The Scapegoat has something to say about the hold of the mainstream media over the populace, but it meanders far too much.
WRITTEN BY
Steve Lyons. I wish he experimented more. I loved what he did with Velandra. Everything else ranges from pretty good to forgettable. A very hit and miss writer.
PLOT
The Liberator crew travel to the planet Astra Valadina for a spot of arms dealing, but find themselves ensnared in the President's plan to embarrass Servalan politically. The crew are framed for a mass murder, and Vila and Tarrant are seemingly lost.
ANALYSIS
I really want to love Blake's 7. I want to listen to an audio and have an experience that is not only just as well-crafted and thrilling as the original series, but elevates it in some way. I want this because the audios have set a quality standard, with adventures like The Armageddon Storm, Spoils, Logic and The Hard Road being some of the best experiences I've had with the franchise. Or, if we're talking exclusively about the Classic Adventures range, Mindset, Devil's Advocate and Close Enough stand as examples of Blake's 7 firing on all cylinders.
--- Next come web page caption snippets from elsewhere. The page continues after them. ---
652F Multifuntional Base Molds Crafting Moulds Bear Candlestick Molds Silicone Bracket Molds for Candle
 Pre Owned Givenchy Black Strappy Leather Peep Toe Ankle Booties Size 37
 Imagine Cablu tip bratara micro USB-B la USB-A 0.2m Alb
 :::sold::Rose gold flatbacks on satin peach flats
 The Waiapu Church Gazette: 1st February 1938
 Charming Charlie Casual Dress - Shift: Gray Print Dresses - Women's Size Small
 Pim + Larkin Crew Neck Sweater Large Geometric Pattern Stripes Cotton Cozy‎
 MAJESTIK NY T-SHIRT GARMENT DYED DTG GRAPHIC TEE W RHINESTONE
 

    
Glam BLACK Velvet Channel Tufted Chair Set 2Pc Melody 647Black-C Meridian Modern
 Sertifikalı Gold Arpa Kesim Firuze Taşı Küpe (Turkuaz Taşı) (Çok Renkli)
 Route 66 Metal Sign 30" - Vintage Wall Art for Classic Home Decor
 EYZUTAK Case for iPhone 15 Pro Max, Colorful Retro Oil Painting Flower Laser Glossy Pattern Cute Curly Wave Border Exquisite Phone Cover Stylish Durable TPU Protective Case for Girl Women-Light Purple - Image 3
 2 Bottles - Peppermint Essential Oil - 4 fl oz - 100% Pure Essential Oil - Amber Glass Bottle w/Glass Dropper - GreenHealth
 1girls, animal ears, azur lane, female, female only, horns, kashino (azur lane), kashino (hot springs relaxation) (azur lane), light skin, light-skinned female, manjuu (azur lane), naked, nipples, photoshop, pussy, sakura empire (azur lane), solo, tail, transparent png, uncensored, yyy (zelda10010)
We're not in that era anymore, and I have to address that. I've been struggling since the Spoils of War box set to maintain my enthusiasm for the audios. Pretty much everything seems to be be on a downward trend. The actors are getting older and wearier, and seem to be getting no direction whatsoever. The sound design is not nearly as good as it used to be. And the scripts feel oddly aimless.
This week, Steve Lyons stumbled on the idea of doing a commentary on the political use of a phenomenon where popular media (primarily television) influences the views of the general public. It'd be a pretty cool idea if it wasn't a little kernel at the end of the episode, while the rest of the time is spent meandering on:
1) Tarrant trying and failing to develop a relationship with a media-following sheep.
2) An inane plotline about Vila meeting an actor pretending to be him. All part of the President's convoluted plan to discredit Servalan.
3) Avon trying to buy guns or something.
I mean, it's like Coronation Street at this point. This whole 'war' between Servalan and the President might as well be an old married couple having a passive aggressive spat over the color of the curtains. "How dare she change them! I am the man of the house!" sneers Hugh Fraser's increasingly one-note character. Avon either acts like a complete psychopath or a curmudgeon with a heart of gold depending on the writer's mood. Vila does Vila things. It's predictable and dull. I wish we could see the President and Servalan struggle to maintain their power, get into their heads and see how they cope. What they think of each other and how they react to each other's choices on the battlefield. We have very little idea of how the war is even developing!
As for the main characters, there's surely more facets of them left to explore given that we still know next to nothing about their personal lives before they were introduced! It doesn't always have to be the same old beats is the point I'm getting at.
CHARACTERS
It's an uncomfortable truth that Paul Darrow's health was very poor by this point. I wish the writers had thought of that before giving him action scenes. The result is both unconvincing and barely audible.
Hugh Fraser is hard to hate in anything, he's got such a lovely voice. And the oily demeanour he brings to the President made me consider him an even better villain than Servalan when he was introduced. But at this point, I'm dying for them to do something -anything! -with his character that isn't just him grumbling about how he's the real deal and Servalan isn't. I want the President's version of Sand. I want to know about his past with Tarrant. I want to know how he ascended to power. Anything!
I don't care about anyone else in this.
NOTES
- As I feared, that disc that Eve gave to the President in Erebus has no payoff whatsoever. Nor does the President's plan to send the Liberator against Servalan.
- I like the name Kurt Lockwood. That's it. Just a cool name. Very western-like.
- "Candy Lou has an artistic set of pixels."
- The tapes of the President narrating about the crew's crimes gave me horrible flashbacks to those clumsy framing devices in some of the Liberator Chronicles.
- Given that Vila is one of the most recognised criminals in the Federation, why would anyone think that Lockwood was him? Isn't Vila's face on all the wanted posters and the like?
- Conversely, why would disseminating information about Lockwood through the Federation security computers change anything? Surely only the law enforcement would receive that information. Would it make that much difference? Apparently it does, because Zheanne inexplicably believes the crew at the end despite being fully on the Federation's side up to that point.
- Astra Valadina was pacified with drugs until the Galactic War broke out and the drugs ran out.
- The President repeatedly refers to Blake being dead (presumably his fake death on Jevron), even in a public speech. For some reason Orac does not report this to Avon.
- The Liberator crew are trying to get a shipment of guns to Saurian Major, which apparently has a whole new rebel faction operating on it after everyone died in Time Squad.
- After seeing his actor get shot down, Vila treats it as a premonition of the future, most likely foreshadowing his own eventual death in Blake.
- Lockwood was rescued from the Calcos penal colony, which was mentioned in Moloch. Someone finally dared to reference a Ben Steed episode.